I want to take a dataset and split it into multiple datasets. For a simplified verson of the problem. Realistically, I will have thousands of rows but I would like to simplify the problem for the purpose of understanding. Suppose you have the following code:
vec = c(1:10)
df = data.frame(vec)
df
vec
1 1
2 2
3 3
4 4
5 5
6 6
7 7
8 8
9 9
10 10
I would like to split this dataset into rows of 5 observations each and then get the mean for each 5 rows.
So far i've tried to split the code in the following manner:
splitdf = split(df, rep(1:2,each = 5))
Now I would like to get the mean of each group. For example, the mean of the first chunk is 3 and the second chunk is 8.
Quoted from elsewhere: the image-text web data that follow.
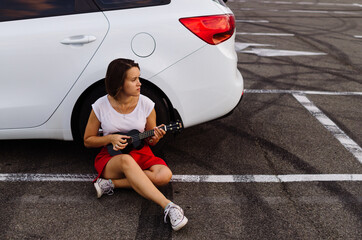 Naklejka premium Young beautiful woman sitting and having fun with ukulele near car at the parking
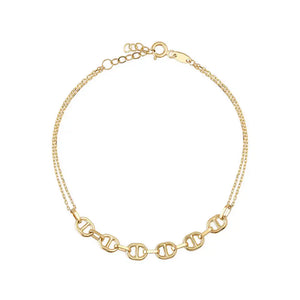 Introducing the 14K Gold Flat Mariner Anchor Chain Bracelet! Featuring intricate decorative links, this piece boasts a centerpiece of elegant interlocking oval shapes. The small clasp includes an adjustable chain for a customizable fit, making it an ideal choice for stylish layering.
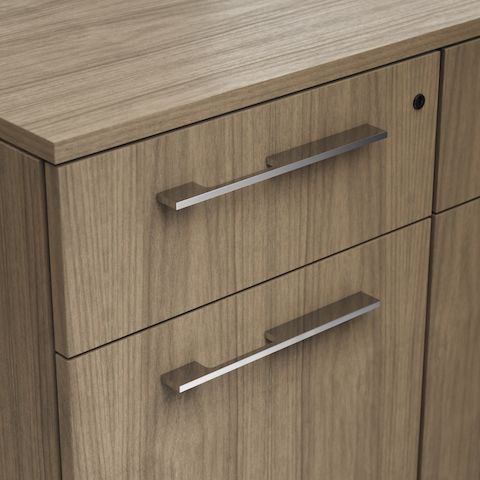 Detail shot of the Geiger One Casegoods asymmetrical pull option in Chrome on a Natural Flat Cut Walnut drawer front viewed from an angle.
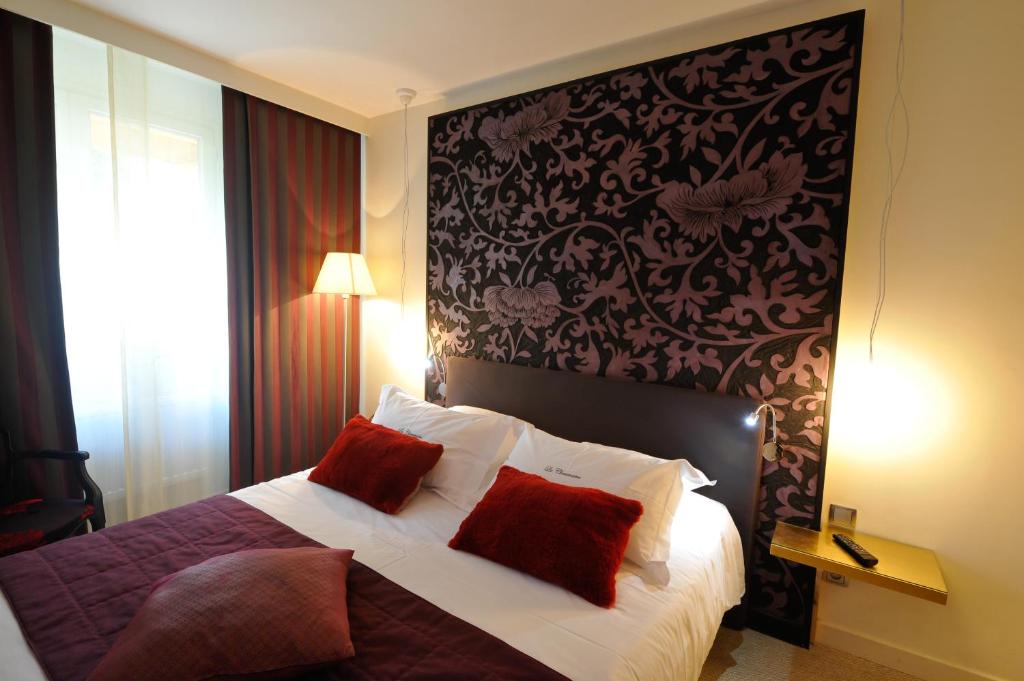 多勒Hotel La Chaumiere的一间卧室配有一张带两个红色枕头的床
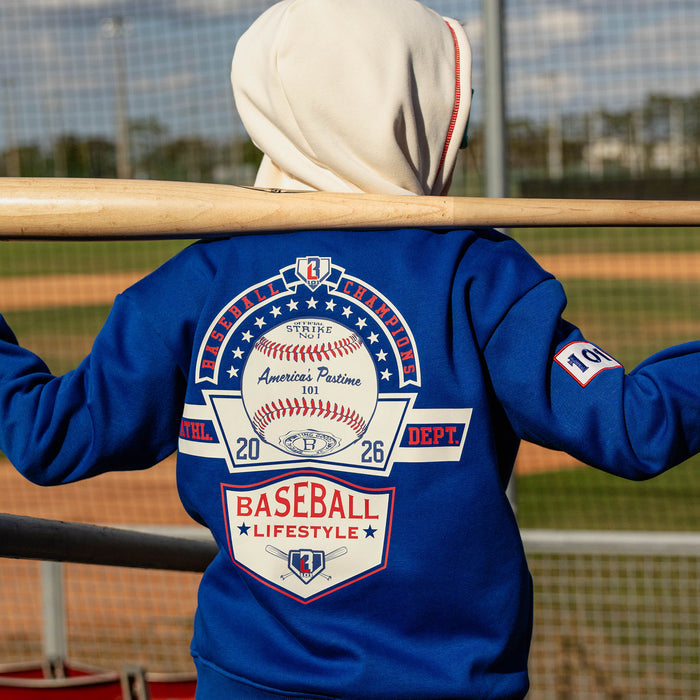 Back view of boy holding a bat across his shoulders at a baseball field wearing a royal blue champions hoodie showing the Baseball Champions America's Pastime back graphic and 101 sleeve patch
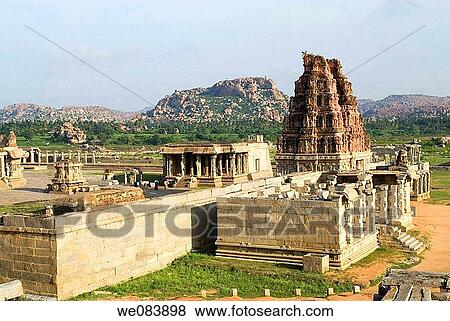 Shri Vijayavitthala Temple in Hampi, Karnataka. The construction of this temple started during the reign of King Krishna Deva Raya in the year 1513 AD. The project was so colossal that the additions continued for almost five decades until the Empire fell View Large Photo Image Stock Photo - Shri Vijayavitthala Temple in Hampi, Karnataka. The construction of this temple started during the reign of King Krishna Deva Raya in the year 1513 AD. The project was so colossal that the additions continued for almost five decades until the Empire fell. Fotosearch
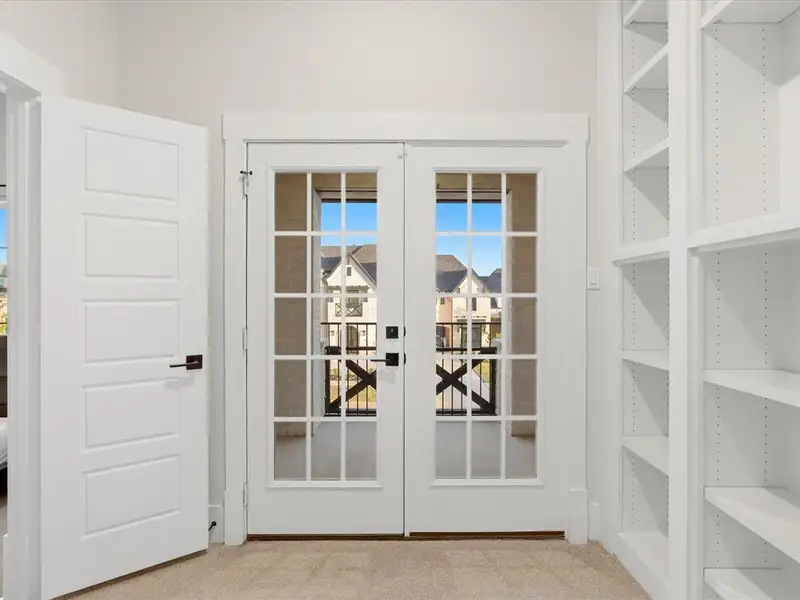 Double French doors with divided lites open to an exterior balcony Double French doors with divided lites open to an exterior balcony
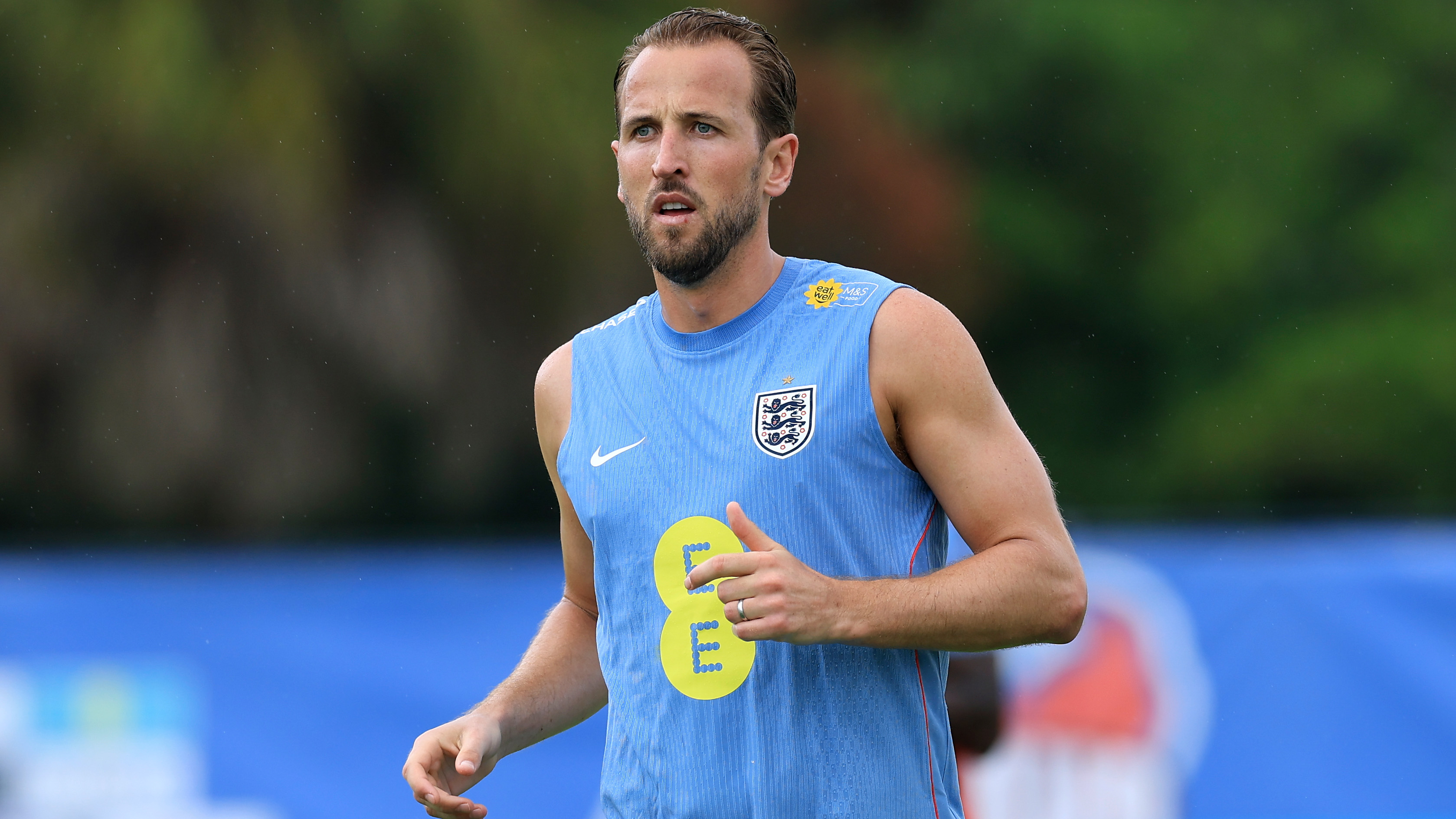 Harry Kane of England looks on during a training session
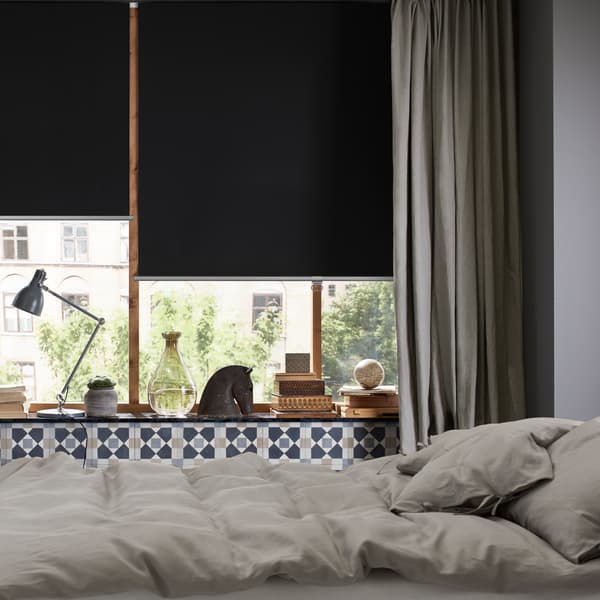 Cama no centro de quarto, janelas com cortinados em cinzento e estores de correr opacos TRETUR descidos até meio.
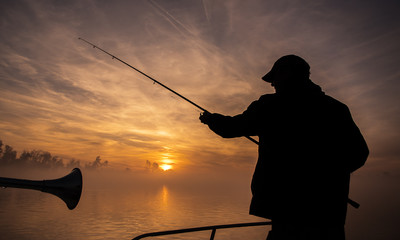 Fisherman throwing his rod, fishing from a little boat, beautiful morning sunrise scene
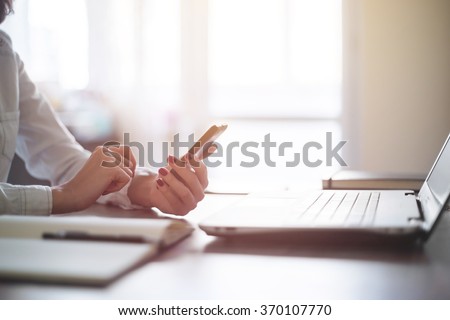 Modern workplace woman using mobile phone in office. Royalty-Free Stock Photo #370107770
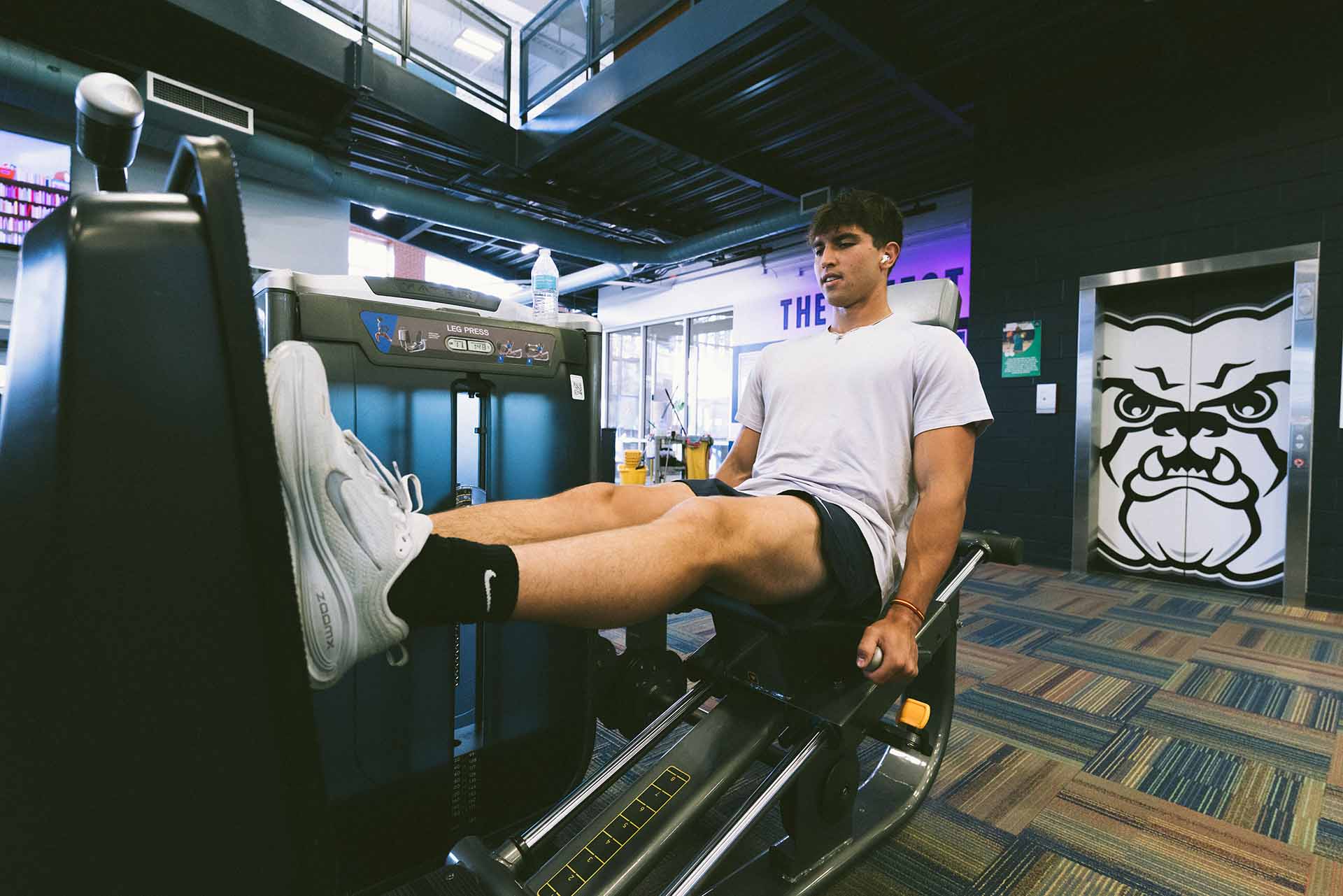 Male college student uses leg press weight machine at campus gym facility.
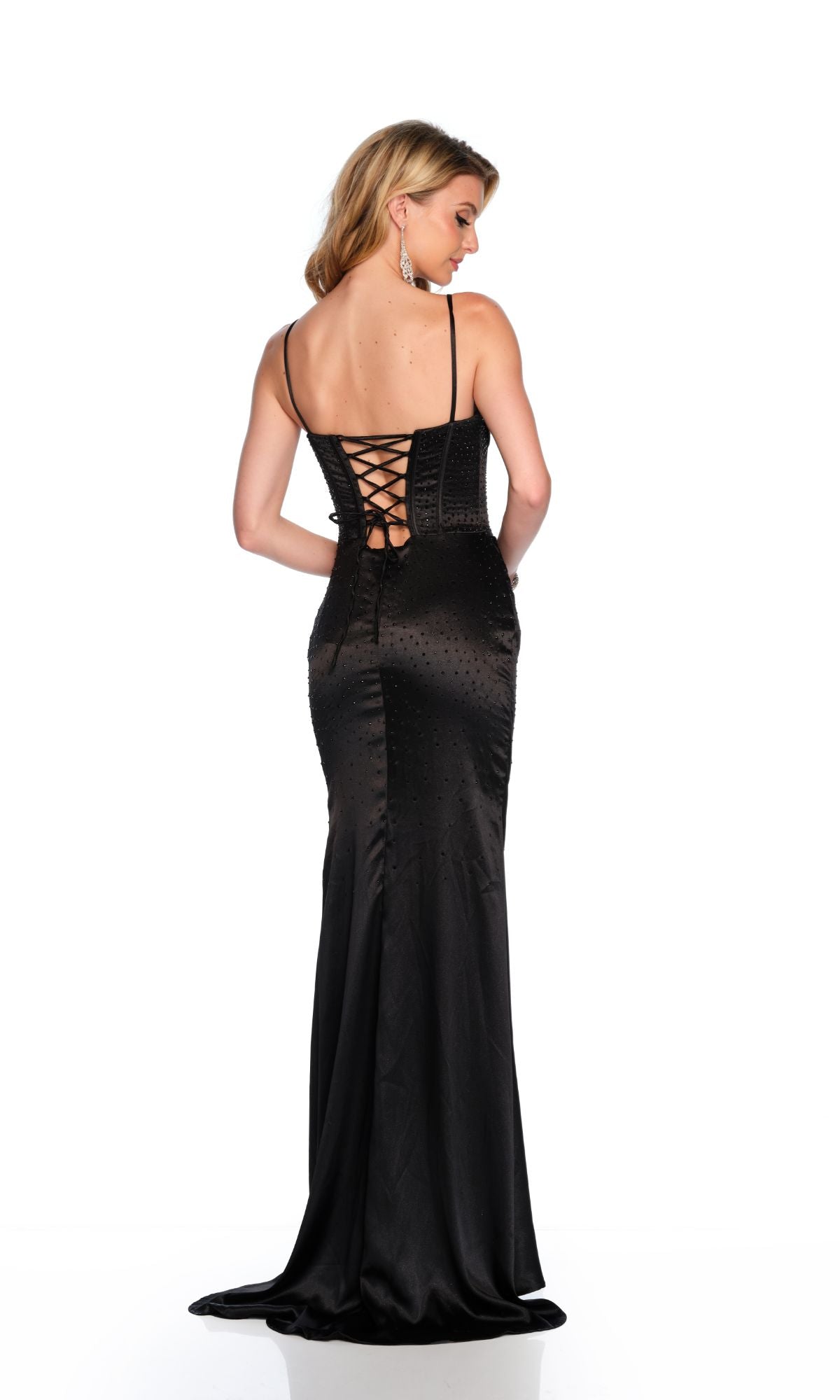 A woman stands facing away against a white background, wearing the Long Formal Dress 11647 by Dave and Johnny, a fitted black gown featuring a lace-up back detail.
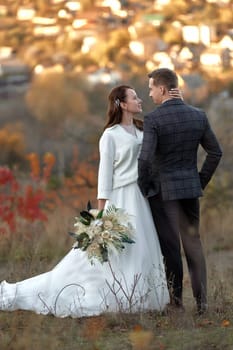 beautiful bride in white wedding dress and groom enjoying romantic moments on natural background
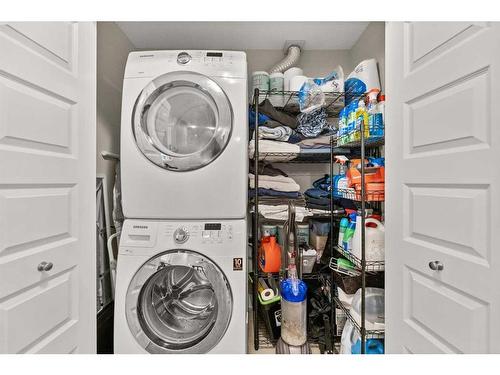 402-110 Coopers Common Sw, Airdrie, AB - Indoor Photo Showing Laundry Room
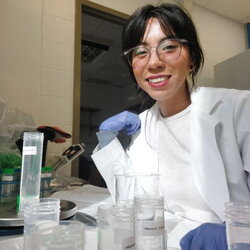 A photo of Natalie Belloso in the lab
Then, I would like to do a rep function and store it in a separate column. I want my data frame to look like the following:
vec mean
1 1 3
2 2 3
3 3 3
4 4 3
5 5 3
6 6 8
7 7 8
8 8 8
9 9 8
10 10 8
I was wondering whether a loop function would be appropriate or if there's a simpler way to go about this problem. I am open to suggestions.
No need to split the data, if you use the same logic of split as a group. For example, in ave
df$mean <- ave(df$vec, rep(1:2,each = 5))
df
# vec mean
#1 1 3
#2 2 3
#3 3 3
#4 4 3
#5 5 3
#6 6 8
#7 7 8
#8 8 8
#9 9 8
#10 10 8
The default function in ave
is mean
already so we don't apply it explicitly here.